S?bado, 31 de marzo de 2012

Reflexión a las lecturas del Domingo de Ramos - B, ofrecida por el sacerdote Don Juan Manuel Pérez Piñero bajo el epígrafe "ECOS DEL DÍA DEL SEÑOR".

Domingo de Ramos B 

Queridos amigos y amigas:

El Domingo de Ramos, de tanto arraigo entre nosotros, es el pórtico de la Semana Santa. Cuántas gracias debemos dar al Señor que nos concede el don inmenso de celebrar un año más, los días de su Pasión, Muerte y Resurrección, que culminan en la Pascua. No sé si habrá en el mundo una fiesta que se celebre tanto: 40 días de preparación - la Cuaresma – y 50 de celebración– La Pascua y el Tiempo Pascual -. Así es la Fiesta principal de los cristianos. Y ya sabemos que una fiesta que no se prepara, o no se celebra o sale mal.

Habrá personas en esta Semana Santa que lamenten que el clima espiritual no es muy grande, que debería haber más gente en las celebraciones, que el compromiso de vida y el testimonio cristiano son un tanto débiles… Es normal, porque mucha gente no ha celebrado la Cuaresma o no la ha celebrado bien. Con todo, hemos de pedir a Dios, nuestro Padre, el gran don de aprovechar al máximo estos días santos. Y, como decimos alguna vez, las fiestas religiosas tienen su centro en las celebraciones de la Iglesia y en el corazón de los fieles. ¿Quién no valora tantas manifestaciones externas de estos días, especialmente, “las procesiones de Semana Santa”? Estos actos en la calle tienen mucha importancia y están llamados a hacer mucho bien a la hora de expresar y alimentar lo que tiene lugar en nuestros templos y en nuestros corazones, pero tampoco podemos reducirlo todo a ver esta o aquella procesión o, incluso, la Procesión Magna donde exista.  Da pena ver a tanta y tanta gente significada, que toma parte en las procesiones pero no en las celebraciones de la Iglesia… Qué necesidad tenemos de que poco a poco vayan comprendiendo el significado de las procesiones que no tienen sentido sin conexión con los actos de culto de los cuales proceden…
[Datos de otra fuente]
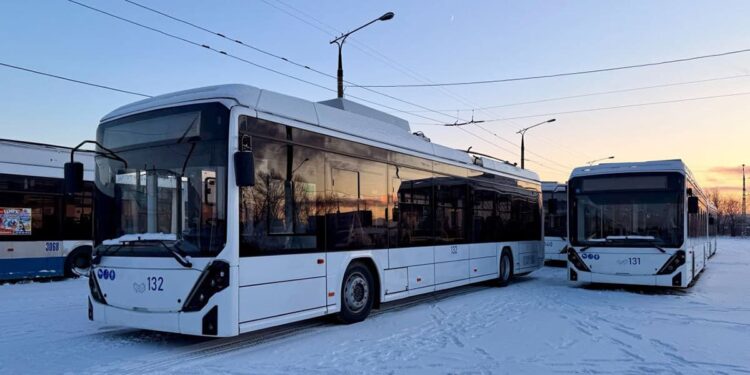 Автопарк города Тольятти пополнился новыми троллейбусами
Una de las procesiones más hermosas es la del Domingo de Ramos que forma parte de la Liturgia del día… No se trata sólo de recordar la Entrada de Jesús en Jerusalén. Se trata, más bien, de actualizarla, revivirla…, y de dar testimonio de que Jesús de Nazaret es el Mesías – Rey, descendiente de David, el Hijo del Altísimo que viene “en nombre del Señor” y al que aclamamos: “¡Hosanna en el Cielo!” Este día, los judíos llevaban a casa el cordero que se tenía que sacrificar en la Pascua. Y este es el día en que entra en Jerusalén “el Cordero de la Pascua Nueva”, “el Sacerdote de la Nueva Alianza”.

En todas las celebraciones de este Domingo se recuerda y se celebra, de algún modo, la Entrada de Jesús en Jerusalén: con la Procesión, en torno a la Misa principal, o con la “Entrada Solemne”, o con la “Entrada Simple”, según convenga al mejor servicio de la comunidad que se reúne. A continuación, tiene lugar “la Misa de Pasión”, cuya lectura más importante es la Pasión del Señor según el evangelista de cada año o ciclo; este año, la de S. Marcos, y que puede leerse también en su forma breve… De esta forma, el Domingo de Ramos nos centra en la Semana Santa: La Entrada triunfal de Cristo en Jerusalén prefigura su Resurrección gloriosa que celebramos, llenos de júbilo, el Domingo de Pascua.

La Misa de Pasión nos centra en la Cruz o, mejor, en la Pasión del Señor, que es el centro de la semana… El Santo Hermano Pedro recordaba que su madre lloraba cuando se leía estos días en casa, la Pasión del Señor. Y así sucedía a mucha gente en los siglos pasados… ¡Y no deberíamos olvidarlo!

Y continúa la Cuaresma…, que va a concluir en la tarde del Jueves Santo con el comienzo de Triduo Pascual.

Termino con el deseo ferviente de que ante el don de Dios que constituye la Semana Santa para todos y cada uno de nosotros,  sepamos corresponder acogiendo al Señor en nuestro corazón, especialmente, por la recepción de los sacramentos, y transmitiendo, de algún modo, su mensaje, con un testimonio de palabra y de vida cada vez más convincente. 

¡FELIZ DOMINGO! ¡BUENA SEMANA SANTA! ¡FELICES PASCUAS!